** TASK DIRECTIONS **
From the material below, return exactly the lines starting at the one that holds "Image 6106665 - 6" and ending at the one that holds "Asaltante tomó rehenes". Pictures stay out of the answer.

** MATERIAL SUPPLIED **
=== Section Start ===

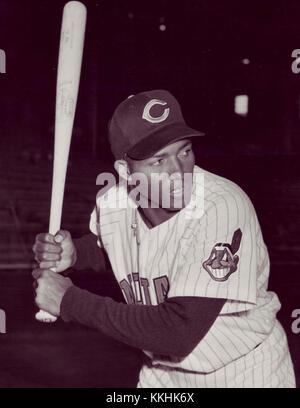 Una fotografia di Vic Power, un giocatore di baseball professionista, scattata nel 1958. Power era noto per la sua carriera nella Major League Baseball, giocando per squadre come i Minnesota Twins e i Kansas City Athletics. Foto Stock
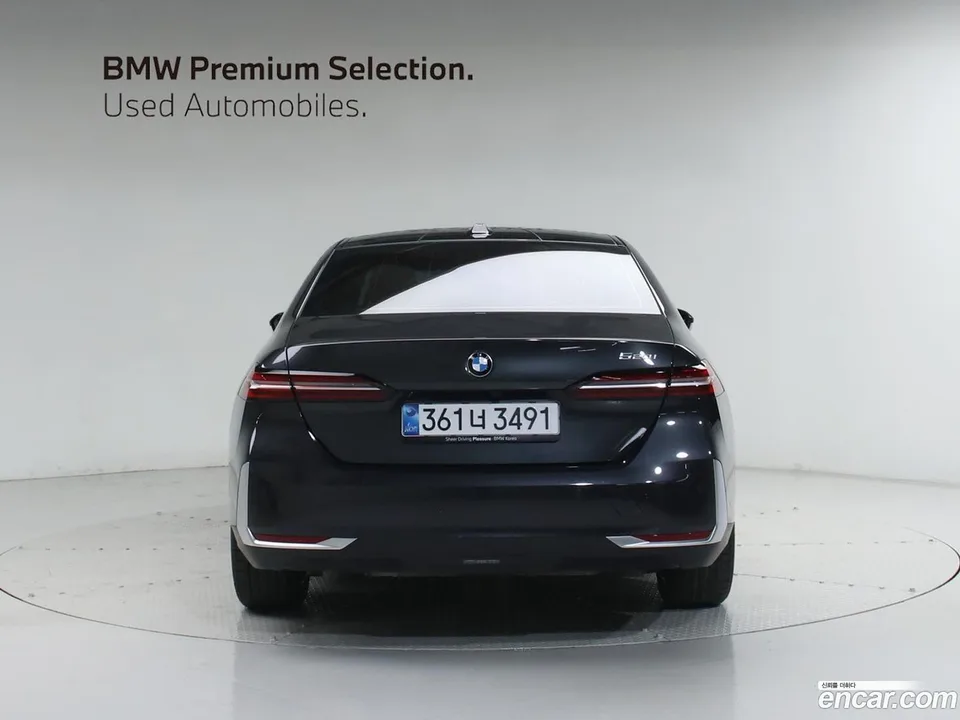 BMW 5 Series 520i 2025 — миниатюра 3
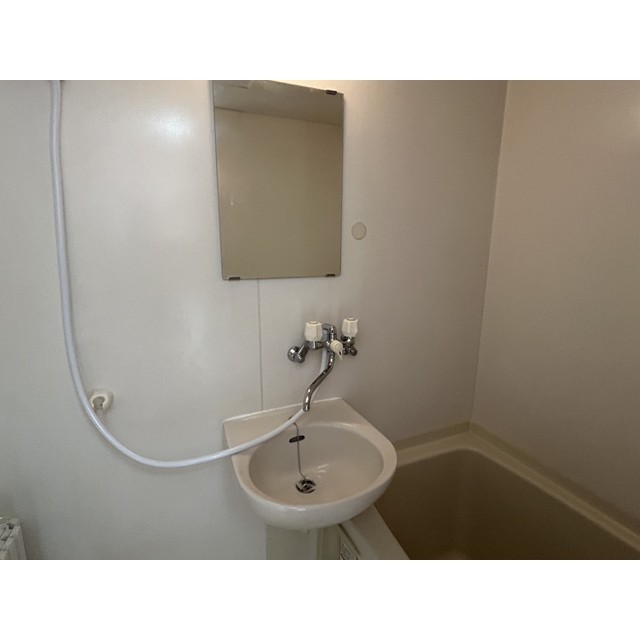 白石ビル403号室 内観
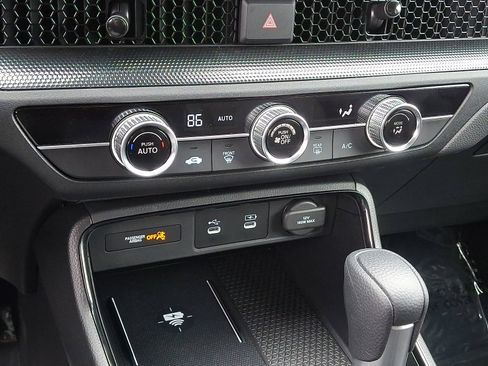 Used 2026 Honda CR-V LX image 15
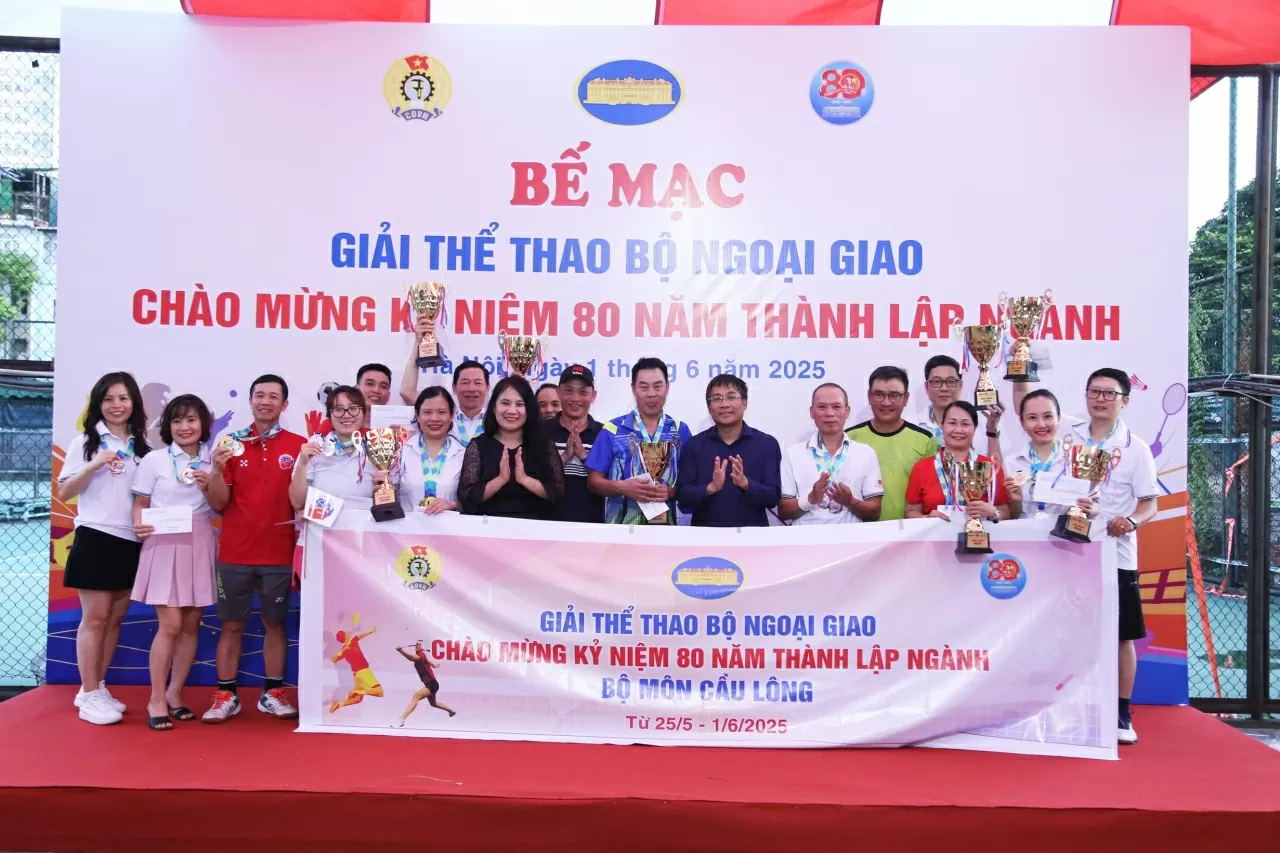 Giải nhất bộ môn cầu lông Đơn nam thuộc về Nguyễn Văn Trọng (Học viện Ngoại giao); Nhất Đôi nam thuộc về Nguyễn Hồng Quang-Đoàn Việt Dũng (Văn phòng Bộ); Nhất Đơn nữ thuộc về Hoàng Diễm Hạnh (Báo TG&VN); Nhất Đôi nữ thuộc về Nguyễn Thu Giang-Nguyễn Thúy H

=== Section End ===
=== Section Start ===

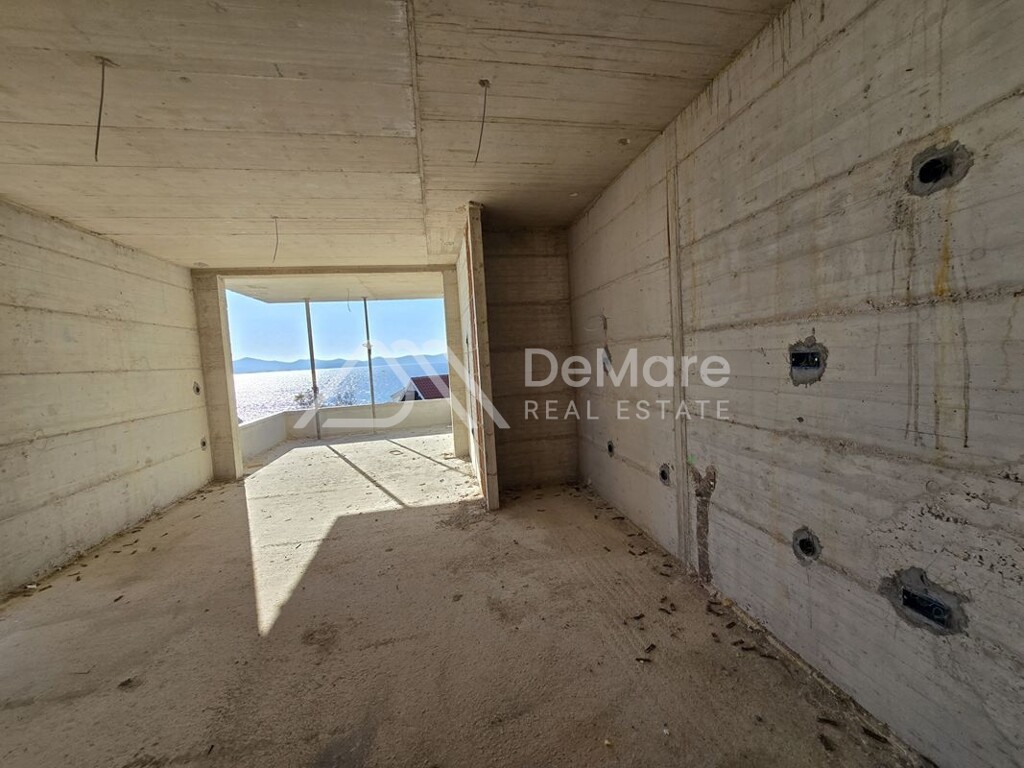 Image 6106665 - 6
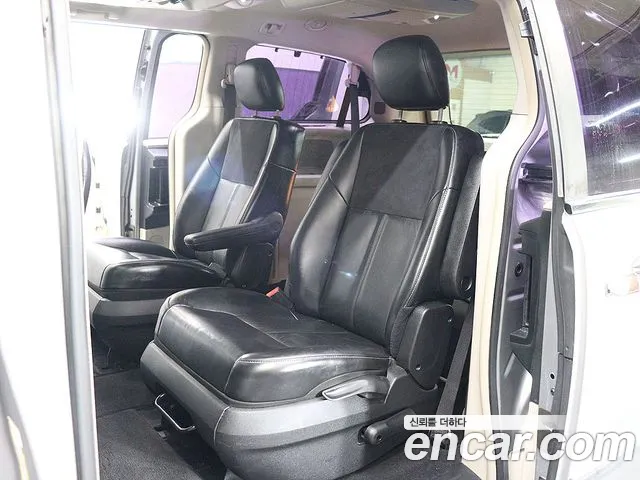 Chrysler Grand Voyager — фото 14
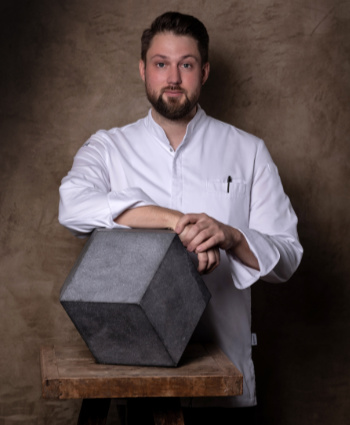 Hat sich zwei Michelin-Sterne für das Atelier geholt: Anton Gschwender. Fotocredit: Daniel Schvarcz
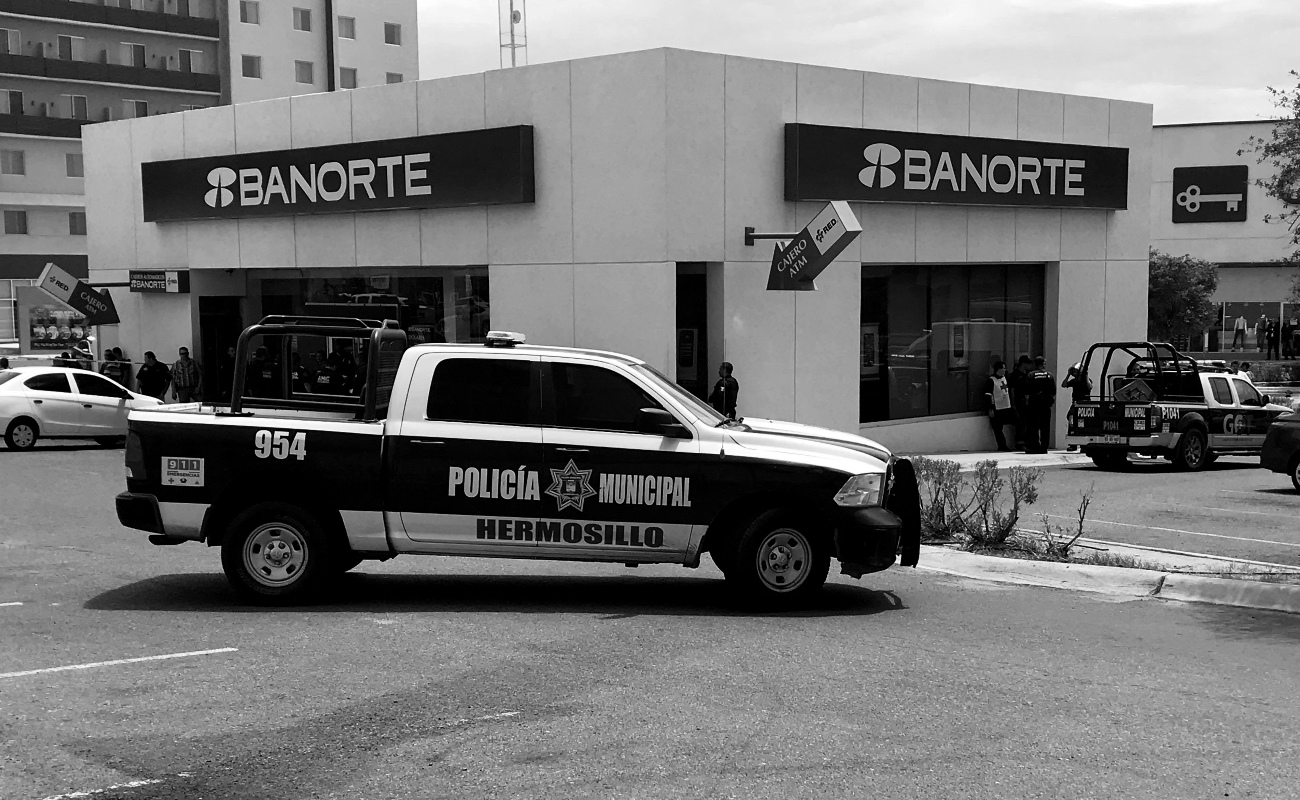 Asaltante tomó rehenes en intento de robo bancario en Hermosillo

=== Section End ===

** REPLY TO THE EXERCISE **
 Image 6106665 - 6
 Chrysler Grand Voyager — фото 14
 Hat sich zwei Michelin-Sterne für das Atelier geholt: Anton Gschwender. Fotocredit: Daniel Schvarcz
 Asaltante tomó rehenes en intento de robo bancario en Hermosillo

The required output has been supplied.